== Segment start ==

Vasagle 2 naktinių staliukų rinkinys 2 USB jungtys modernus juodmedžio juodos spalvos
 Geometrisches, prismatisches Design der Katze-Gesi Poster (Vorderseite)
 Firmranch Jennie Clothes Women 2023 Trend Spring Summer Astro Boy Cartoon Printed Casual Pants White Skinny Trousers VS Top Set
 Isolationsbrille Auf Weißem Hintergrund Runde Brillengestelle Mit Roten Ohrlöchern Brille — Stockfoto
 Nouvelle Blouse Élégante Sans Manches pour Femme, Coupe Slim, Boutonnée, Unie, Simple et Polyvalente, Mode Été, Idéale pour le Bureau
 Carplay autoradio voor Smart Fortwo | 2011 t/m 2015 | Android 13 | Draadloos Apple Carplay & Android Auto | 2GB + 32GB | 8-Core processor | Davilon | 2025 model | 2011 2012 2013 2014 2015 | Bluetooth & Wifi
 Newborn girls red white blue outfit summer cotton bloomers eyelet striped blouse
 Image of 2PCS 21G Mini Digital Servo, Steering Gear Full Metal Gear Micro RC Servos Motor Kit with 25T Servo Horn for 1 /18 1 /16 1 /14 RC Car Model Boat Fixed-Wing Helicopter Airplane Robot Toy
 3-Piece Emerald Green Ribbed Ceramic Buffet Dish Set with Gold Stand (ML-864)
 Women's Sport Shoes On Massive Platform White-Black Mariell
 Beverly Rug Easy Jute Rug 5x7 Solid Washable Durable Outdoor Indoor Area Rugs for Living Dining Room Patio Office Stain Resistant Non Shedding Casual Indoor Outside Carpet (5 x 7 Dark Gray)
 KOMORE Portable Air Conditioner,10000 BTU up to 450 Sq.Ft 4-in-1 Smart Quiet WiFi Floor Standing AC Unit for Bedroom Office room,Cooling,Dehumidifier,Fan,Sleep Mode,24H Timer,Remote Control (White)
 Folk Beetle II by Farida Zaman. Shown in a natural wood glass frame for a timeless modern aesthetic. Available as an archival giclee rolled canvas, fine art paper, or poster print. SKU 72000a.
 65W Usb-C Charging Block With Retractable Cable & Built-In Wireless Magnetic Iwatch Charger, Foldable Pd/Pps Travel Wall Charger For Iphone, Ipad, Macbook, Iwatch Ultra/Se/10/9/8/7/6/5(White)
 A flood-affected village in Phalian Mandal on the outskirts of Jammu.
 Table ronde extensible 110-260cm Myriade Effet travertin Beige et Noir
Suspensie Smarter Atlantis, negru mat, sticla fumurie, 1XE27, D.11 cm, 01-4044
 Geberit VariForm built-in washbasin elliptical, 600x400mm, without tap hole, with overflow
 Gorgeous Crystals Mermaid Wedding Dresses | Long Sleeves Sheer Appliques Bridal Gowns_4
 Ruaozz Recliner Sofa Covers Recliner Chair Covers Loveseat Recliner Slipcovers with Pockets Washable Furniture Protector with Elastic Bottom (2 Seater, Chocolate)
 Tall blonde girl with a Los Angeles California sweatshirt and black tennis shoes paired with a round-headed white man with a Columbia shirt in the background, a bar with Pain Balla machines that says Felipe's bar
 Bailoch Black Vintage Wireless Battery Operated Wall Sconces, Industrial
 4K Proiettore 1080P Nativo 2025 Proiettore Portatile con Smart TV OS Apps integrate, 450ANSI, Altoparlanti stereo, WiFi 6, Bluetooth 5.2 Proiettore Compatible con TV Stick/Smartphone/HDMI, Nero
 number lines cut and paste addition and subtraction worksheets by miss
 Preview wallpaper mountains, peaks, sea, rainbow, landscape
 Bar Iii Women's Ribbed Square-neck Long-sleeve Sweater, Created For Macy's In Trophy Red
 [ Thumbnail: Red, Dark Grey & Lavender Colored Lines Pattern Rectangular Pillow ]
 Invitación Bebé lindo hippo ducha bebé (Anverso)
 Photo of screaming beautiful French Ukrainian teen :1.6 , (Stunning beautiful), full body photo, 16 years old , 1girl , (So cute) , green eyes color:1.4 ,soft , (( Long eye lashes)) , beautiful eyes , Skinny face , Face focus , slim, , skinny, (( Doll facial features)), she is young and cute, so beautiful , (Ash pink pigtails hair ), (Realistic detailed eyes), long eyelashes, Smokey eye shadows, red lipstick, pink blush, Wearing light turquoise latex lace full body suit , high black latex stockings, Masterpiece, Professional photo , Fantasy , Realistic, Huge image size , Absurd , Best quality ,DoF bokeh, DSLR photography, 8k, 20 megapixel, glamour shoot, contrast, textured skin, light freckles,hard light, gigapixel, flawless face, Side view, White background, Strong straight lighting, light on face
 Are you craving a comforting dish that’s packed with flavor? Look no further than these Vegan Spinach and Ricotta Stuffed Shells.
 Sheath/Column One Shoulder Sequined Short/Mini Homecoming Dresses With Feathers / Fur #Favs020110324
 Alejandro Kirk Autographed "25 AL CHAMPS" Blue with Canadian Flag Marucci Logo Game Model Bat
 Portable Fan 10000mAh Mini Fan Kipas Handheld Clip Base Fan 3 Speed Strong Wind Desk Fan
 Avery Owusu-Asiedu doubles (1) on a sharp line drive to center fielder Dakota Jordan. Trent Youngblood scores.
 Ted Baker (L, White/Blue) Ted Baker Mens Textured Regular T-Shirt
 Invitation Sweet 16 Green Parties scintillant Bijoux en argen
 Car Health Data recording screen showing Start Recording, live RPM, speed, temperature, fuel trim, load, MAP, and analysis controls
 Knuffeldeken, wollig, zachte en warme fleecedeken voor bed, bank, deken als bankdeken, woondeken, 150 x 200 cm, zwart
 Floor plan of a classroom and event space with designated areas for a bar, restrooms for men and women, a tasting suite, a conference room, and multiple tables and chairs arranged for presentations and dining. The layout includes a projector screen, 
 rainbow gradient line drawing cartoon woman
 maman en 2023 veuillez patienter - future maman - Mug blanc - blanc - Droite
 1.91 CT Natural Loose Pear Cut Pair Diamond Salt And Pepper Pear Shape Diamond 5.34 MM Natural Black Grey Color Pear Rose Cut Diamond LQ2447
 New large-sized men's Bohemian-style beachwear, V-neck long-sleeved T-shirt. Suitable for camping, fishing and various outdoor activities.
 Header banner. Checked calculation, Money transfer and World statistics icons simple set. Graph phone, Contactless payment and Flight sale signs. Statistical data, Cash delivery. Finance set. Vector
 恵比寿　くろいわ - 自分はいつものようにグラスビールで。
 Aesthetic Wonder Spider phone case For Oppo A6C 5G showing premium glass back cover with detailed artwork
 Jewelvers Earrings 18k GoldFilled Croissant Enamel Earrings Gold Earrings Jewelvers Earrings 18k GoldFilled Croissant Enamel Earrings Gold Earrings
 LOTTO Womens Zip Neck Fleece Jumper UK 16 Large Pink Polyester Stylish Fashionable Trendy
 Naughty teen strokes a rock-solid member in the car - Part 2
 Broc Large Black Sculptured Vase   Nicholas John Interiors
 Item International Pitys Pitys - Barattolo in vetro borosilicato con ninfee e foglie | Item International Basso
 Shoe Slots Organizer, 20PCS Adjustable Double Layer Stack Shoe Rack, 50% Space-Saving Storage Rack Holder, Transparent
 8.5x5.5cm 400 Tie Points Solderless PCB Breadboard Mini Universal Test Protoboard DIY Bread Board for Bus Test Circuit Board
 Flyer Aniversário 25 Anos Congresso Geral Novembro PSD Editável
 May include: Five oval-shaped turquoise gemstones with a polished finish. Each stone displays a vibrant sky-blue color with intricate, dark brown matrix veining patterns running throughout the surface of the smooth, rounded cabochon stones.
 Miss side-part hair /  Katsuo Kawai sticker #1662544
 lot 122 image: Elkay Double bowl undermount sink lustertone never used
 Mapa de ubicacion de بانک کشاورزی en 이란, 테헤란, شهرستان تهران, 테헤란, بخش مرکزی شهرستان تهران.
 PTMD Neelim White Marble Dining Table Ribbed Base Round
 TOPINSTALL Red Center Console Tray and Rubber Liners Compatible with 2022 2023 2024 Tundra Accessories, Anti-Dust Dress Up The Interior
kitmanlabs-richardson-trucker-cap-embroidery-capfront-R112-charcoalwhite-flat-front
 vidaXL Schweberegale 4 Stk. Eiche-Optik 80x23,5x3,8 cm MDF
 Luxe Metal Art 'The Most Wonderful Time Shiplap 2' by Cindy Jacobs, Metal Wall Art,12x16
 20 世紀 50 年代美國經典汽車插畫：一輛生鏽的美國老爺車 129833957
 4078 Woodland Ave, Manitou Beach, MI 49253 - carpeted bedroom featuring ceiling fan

== Segment end ==

### WHAT YOU WILL DO
Take the listing above and repeat exactly the lines from the one containing "Knuffeldeken, wollig, zachte" through the one containing "New large-sized men's", both included.

### RESULT FOR THIS EXERCISE
 Knuffeldeken, wollig, zachte en warme fleecedeken voor bed, bank, deken als bankdeken, woondeken, 150 x 200 cm, zwart
 Floor plan of a classroom and event space with designated areas for a bar, restrooms for men and women, a tasting suite, a conference room, and multiple tables and chairs arranged for presentations and dining. The layout includes a projector screen, 
 rainbow gradient line drawing cartoon woman
 maman en 2023 veuillez patienter - future maman - Mug blanc - blanc - Droite
 1.91 CT Natural Loose Pear Cut Pair Diamond Salt And Pepper Pear Shape Diamond 5.34 MM Natural Black Grey Color Pear Rose Cut Diamond LQ2447
 New large-sized men's Bohemian-style beachwear, V-neck long-sleeved T-shirt. Suitable for camping, fishing and various outdoor activities.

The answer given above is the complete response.